A hint of his capacity, talent, and philanthropy was evident at the beginning of his public career when, in 1938, 25-year-old Crawford inaugurated the free public music concert series, Music for the People.

Music for the People was held in Melbourne’s Royal Botanic Gardens, sponsored by the Victorian State Government and the Melbourne City Council, with Hector as director and conductor of the Melbourne Conservatorium Symphony Orchestra (later known as the Australian Symphony Orchestra). The concerts were broadcast on Radio 3DB and in 1959 became one of HSV 7 television’s early ventures into outside broadcasting. They were also used as fundraisers for organisations supporting injured service personnel during the Second World War.

This tradition continued for 40 years and, over later times, was incorporated into Melbourne’s Moomba Festival with performances at the Sidney Myer Music Bowl. The concerts always attracted large crowds, but perhaps its zenith was in 1967 when 200,000 people flocked to the concert to see The Seekers perform. Hector’s enduring passion for music, his commitment to bringing Australian talent to the attention of the general public and his desire to popularise classical music were themes across his career via Music for the People, Opera for the People, Music Under the Stars and in concerts for the winners of his radio and TV music talent shows, Mobil Quest (1949-1957) and Showcase (1965-1968, 1973-1974, 1978).

Radio days

It was however in the broadcasting arena that Hector would make his greatest impact on the lives of Australians. Hector’s first position in radio was as musical director of the radio production company Broadcast Exchange and, by 1941, he had become the manager.

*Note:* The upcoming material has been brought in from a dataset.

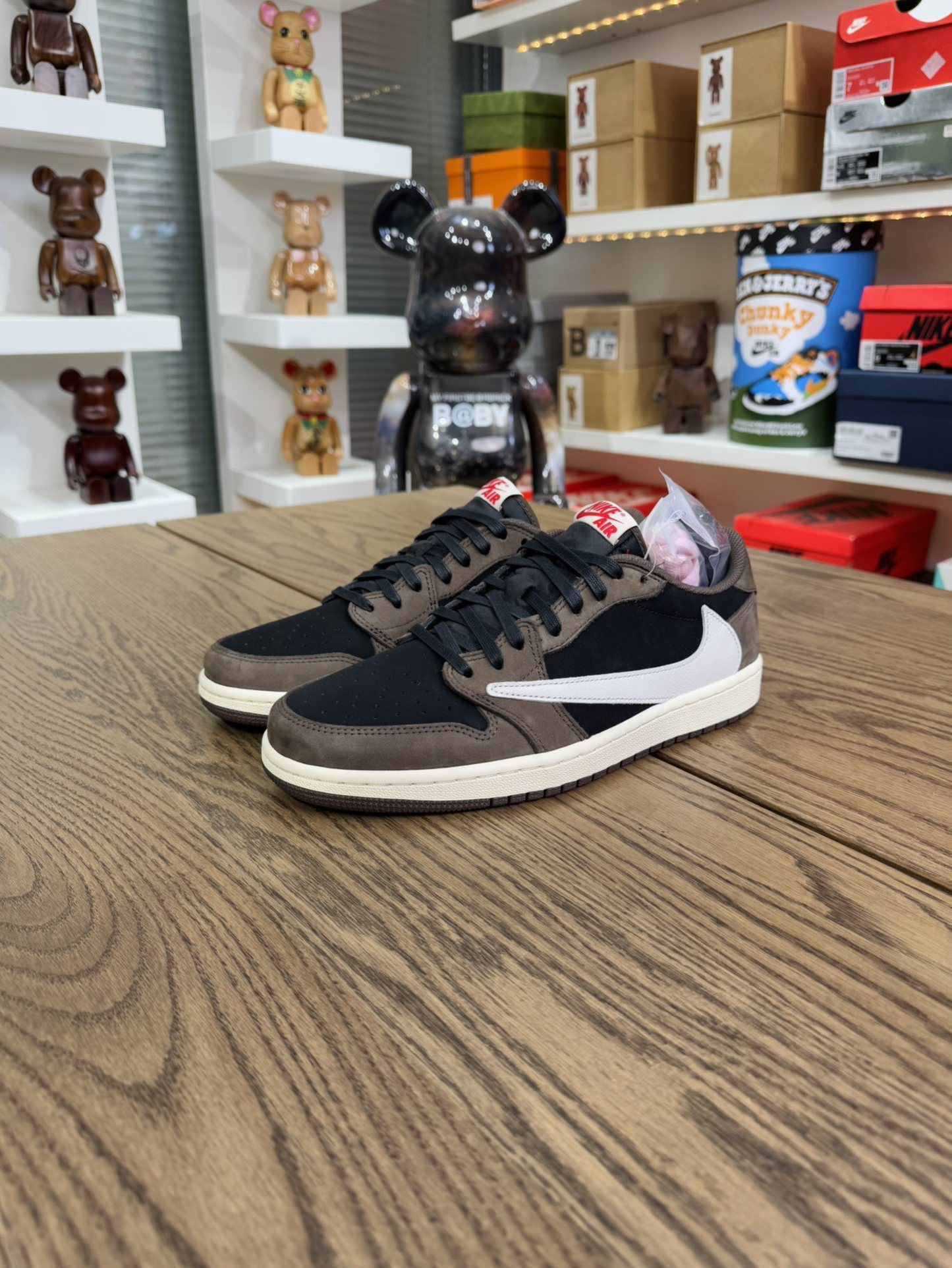 【巔峰產品Ultra】Travis Scott AJ1 Low OG 初代 尺碼 36-48.5「US4-14」倒鈎第1代 CQ4277-001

It was here that Hector would also meet and discover his future wife, renowned Australian soprano Glenda Raymond, whom he married in 1950.

Listen to Glenda Crawford’s (nee Raymond) description of Hector’s entry into radio in this oral history interview conducted by ex-Crawford staffers Jan Bladier and David Lee, on 8 January 2002. In this interview Glenda discusses the mentorship of David Worrall from Radio 3DB, and the establishment in 1945 of Crawford’s radio production company, Hector Crawford Productions, as well as the romantic story of how she and Hector first met.

Glenda Crawford, interviewed by Jan Bladier and David Lee

  NFSA title: 555350

Hector Crawford Productions was formed in partnership with Hector’s older sister, Dorothy Muriel Turner Crawford. Dorothy was a talented singer with a contralto voice; a radio actor, producer, and newsreader for ABC radio. Together, Hector and Dorothy would go on to produce many of Australia’s most fondly remembered radio productions during its golden age, across a range of genres, including the serials The Melba Story (1946), D24 (1951), and Inspector West (1952-1959), which ran for 728 episodes and was the longest running of their radio serials.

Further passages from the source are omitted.